El evangelio de la Transfiguración nos acompaña este segundo domingo de cuaresma y nos lleva a esa montaña donde se anticipa lo que va a ser y ya está siendo nuestra vida. Nos conduce, en medio del tiempo privilegiado de conversión, al acontecimiento primero y primordial que, de algún modo, surge desde las entrañas de un Dios resucitado y resucitador.
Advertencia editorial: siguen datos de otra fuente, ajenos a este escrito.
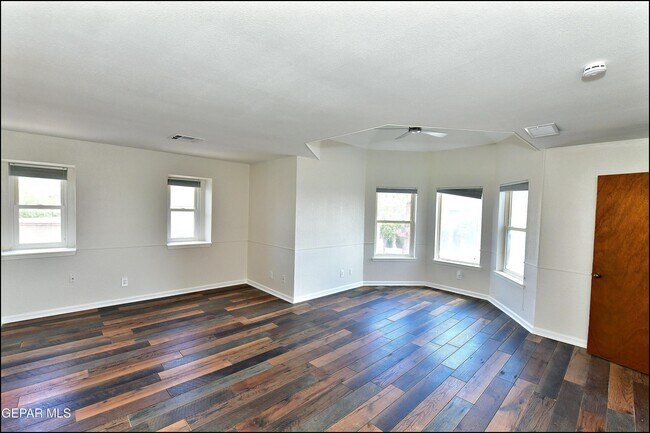 Building Photo - 529 Castlerock Ln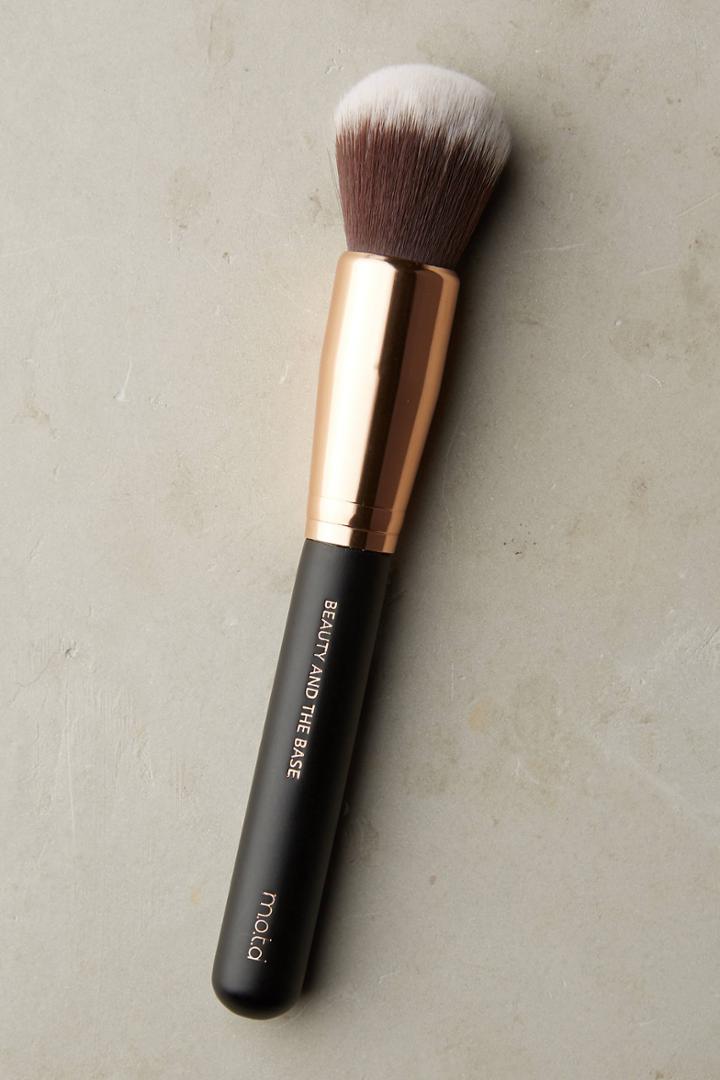 M.o.t.d Beauty And The Base Brush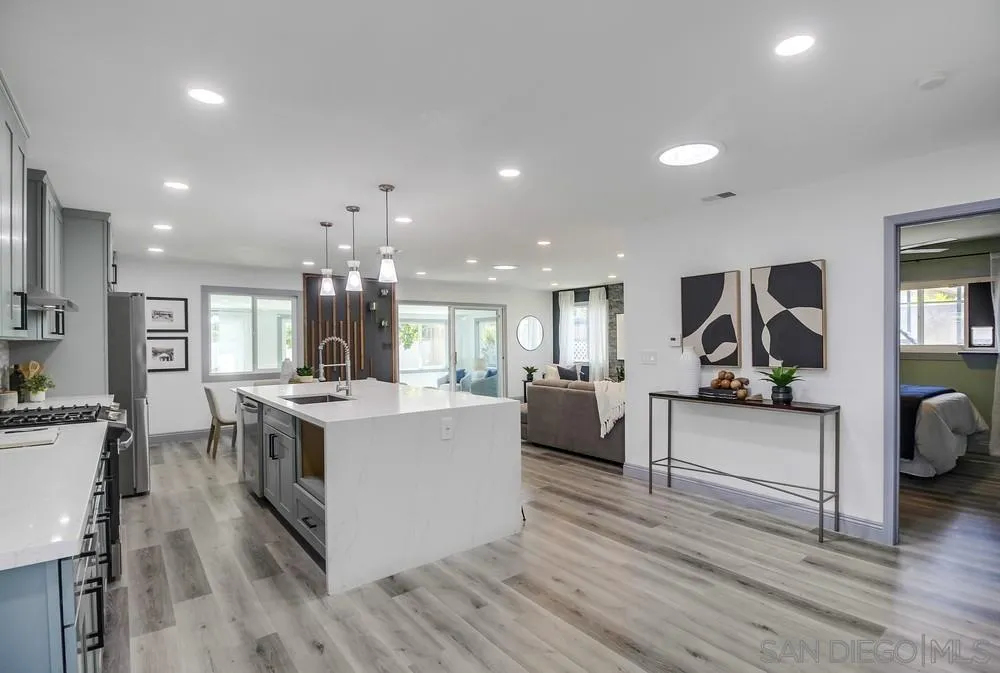https://cdn.realtyfeed.com/cdn/127/250039688/4470d4ef0f99cbf5a63e7055779495e7.webp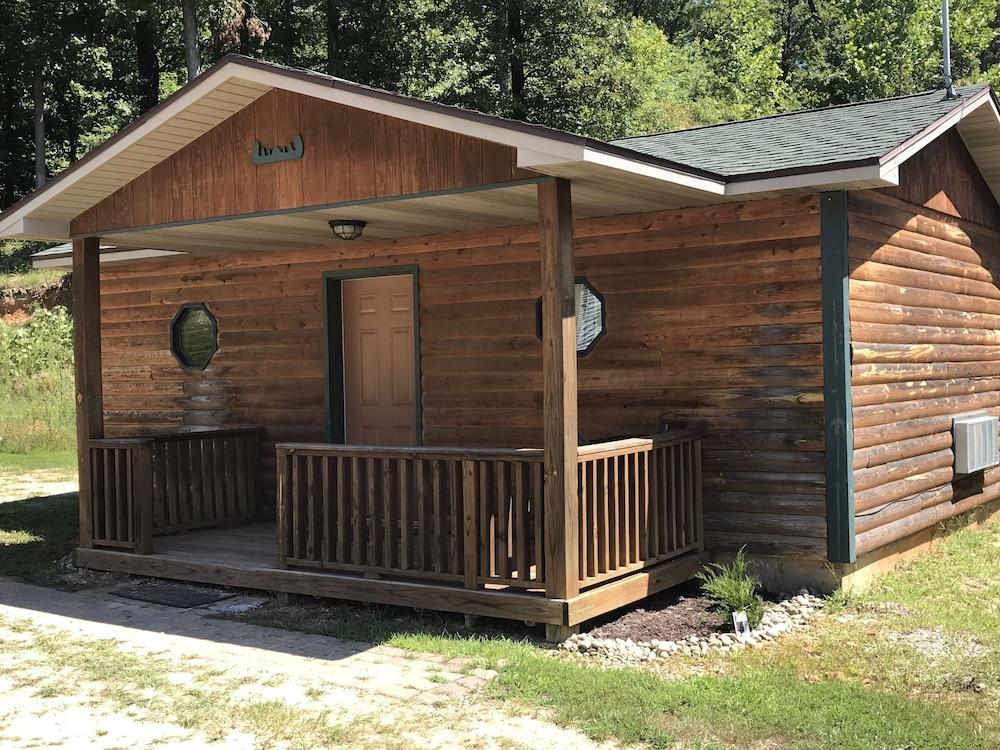 Bullwinkle’s Rustic Motel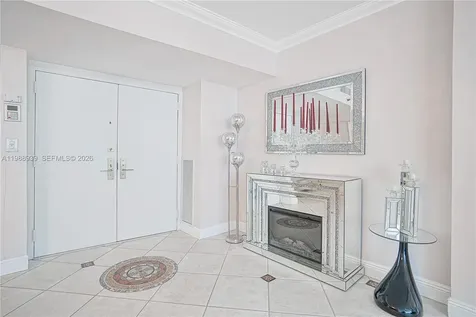 9 Island Avenue Miami Beach FL 33139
El color blanco cubre la escena, tanto que hay que entornar los ojos para poder vislumbrar algún retazo de lo que se va dibujando. Y en medio de la blancura, formando parte de ella, podemos escuchar un diálogo de profetas. Un diálogo que no entendemos pero que en el fondo habla de lo único: del amor. Elías, Moisés y Jesús hablando de nosotros. Diciendo que lo que está sucediendo sucederá en todas las épocas y en todos los seres humanos si se abren a esta realidad difusa, pero plena, de la Vida.
Unas palabras también blancas, un decir bien sin paliativos, un torrente suave que llena la existencia aunque por momentos lo olvidemos. La palabra definitiva de la Creación («Y vio Dios que era bueno») pronunciada sobre nosotros mismos. Pero no en una bondad triste moralizante de miserables obras que buscan aparentar, sino en esa bondad completa que también es belleza regalada de existir para los demás y con los demás. Una bondad blanca que nos alcanza porque no es nuestra, porque desde el seno materno nos fue entretejiendo, porque es Dios en nosotros, desbordado y desbordante.
En una blancura sonora que, si nos paramos un rato, podemos percibir en nosotros mismos y en los demás: anticipo y presencia de resurrección, de llevar a plenitud ya lo que venimos siendo de manera gratuita. Blanco susurrante en nosotros.